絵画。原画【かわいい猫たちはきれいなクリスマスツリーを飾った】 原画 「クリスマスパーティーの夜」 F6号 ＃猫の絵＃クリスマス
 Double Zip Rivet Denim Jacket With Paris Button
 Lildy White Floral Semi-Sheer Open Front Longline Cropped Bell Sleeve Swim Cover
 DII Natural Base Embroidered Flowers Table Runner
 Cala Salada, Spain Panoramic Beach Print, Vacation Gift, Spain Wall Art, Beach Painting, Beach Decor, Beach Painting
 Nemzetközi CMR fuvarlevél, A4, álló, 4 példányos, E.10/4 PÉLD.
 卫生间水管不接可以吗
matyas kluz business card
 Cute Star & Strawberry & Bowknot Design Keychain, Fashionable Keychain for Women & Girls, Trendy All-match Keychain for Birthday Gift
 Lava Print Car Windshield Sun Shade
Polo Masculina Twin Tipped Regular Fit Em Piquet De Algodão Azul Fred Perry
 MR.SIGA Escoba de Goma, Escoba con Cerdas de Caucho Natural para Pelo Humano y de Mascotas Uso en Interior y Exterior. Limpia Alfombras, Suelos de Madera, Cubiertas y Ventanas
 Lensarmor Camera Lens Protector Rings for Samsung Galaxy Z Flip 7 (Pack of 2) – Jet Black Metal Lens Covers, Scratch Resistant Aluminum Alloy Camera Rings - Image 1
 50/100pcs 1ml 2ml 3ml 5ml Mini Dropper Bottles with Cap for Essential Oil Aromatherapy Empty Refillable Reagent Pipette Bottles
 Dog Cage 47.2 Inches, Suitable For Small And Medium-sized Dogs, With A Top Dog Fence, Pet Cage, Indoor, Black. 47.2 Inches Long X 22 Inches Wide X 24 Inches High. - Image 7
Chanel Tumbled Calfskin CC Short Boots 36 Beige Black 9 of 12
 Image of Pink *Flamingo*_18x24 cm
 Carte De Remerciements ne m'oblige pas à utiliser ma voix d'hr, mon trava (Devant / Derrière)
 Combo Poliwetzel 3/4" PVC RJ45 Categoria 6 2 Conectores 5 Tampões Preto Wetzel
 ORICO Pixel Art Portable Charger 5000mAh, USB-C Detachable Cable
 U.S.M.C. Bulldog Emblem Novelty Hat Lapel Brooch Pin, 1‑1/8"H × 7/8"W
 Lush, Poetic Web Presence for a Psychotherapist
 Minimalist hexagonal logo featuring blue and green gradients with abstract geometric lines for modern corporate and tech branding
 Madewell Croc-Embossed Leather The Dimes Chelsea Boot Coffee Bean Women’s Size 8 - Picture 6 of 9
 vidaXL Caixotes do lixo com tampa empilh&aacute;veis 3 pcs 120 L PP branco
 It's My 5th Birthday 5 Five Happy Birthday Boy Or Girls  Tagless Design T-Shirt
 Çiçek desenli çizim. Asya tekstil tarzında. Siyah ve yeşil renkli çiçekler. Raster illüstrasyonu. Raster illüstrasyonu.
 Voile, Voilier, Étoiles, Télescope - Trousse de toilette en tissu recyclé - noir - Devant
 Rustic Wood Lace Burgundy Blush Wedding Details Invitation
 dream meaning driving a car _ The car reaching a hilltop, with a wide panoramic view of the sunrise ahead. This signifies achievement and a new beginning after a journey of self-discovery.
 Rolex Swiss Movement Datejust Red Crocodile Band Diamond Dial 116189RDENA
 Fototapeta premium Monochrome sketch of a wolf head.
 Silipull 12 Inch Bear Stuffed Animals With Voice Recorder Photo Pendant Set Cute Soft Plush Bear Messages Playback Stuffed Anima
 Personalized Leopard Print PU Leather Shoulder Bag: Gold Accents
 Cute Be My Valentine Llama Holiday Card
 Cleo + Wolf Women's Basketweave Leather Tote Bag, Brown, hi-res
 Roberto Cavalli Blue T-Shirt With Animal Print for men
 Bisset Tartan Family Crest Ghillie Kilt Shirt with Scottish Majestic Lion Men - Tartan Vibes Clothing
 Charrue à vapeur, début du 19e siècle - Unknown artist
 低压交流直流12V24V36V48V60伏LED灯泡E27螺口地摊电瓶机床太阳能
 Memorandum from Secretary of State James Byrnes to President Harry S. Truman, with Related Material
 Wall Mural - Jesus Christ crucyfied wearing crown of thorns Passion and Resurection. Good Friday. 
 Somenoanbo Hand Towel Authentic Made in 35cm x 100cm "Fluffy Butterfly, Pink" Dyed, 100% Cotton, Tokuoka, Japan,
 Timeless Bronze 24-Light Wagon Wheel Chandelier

ASSIGNMENT: Output, exactly and in full, the lines from the start of the entries above through the line that contains "Polo Masculina Twin".

SOLUTION BELOW:
絵画。原画【かわいい猫たちはきれいなクリスマスツリーを飾った】 原画 「クリスマスパーティーの夜」 F6号 ＃猫の絵＃クリスマス
 Double Zip Rivet Denim Jacket With Paris Button
 Lildy White Floral Semi-Sheer Open Front Longline Cropped Bell Sleeve Swim Cover
 DII Natural Base Embroidered Flowers Table Runner
 Cala Salada, Spain Panoramic Beach Print, Vacation Gift, Spain Wall Art, Beach Painting, Beach Decor, Beach Painting
 Nemzetközi CMR fuvarlevél, A4, álló, 4 példányos, E.10/4 PÉLD.
 卫生间水管不接可以吗
matyas kluz business card
 Cute Star & Strawberry & Bowknot Design Keychain, Fashionable Keychain for Women & Girls, Trendy All-match Keychain for Birthday Gift
 Lava Print Car Windshield Sun Shade
Polo Masculina Twin Tipped Regular Fit Em Piquet De Algodão Azul Fred Perry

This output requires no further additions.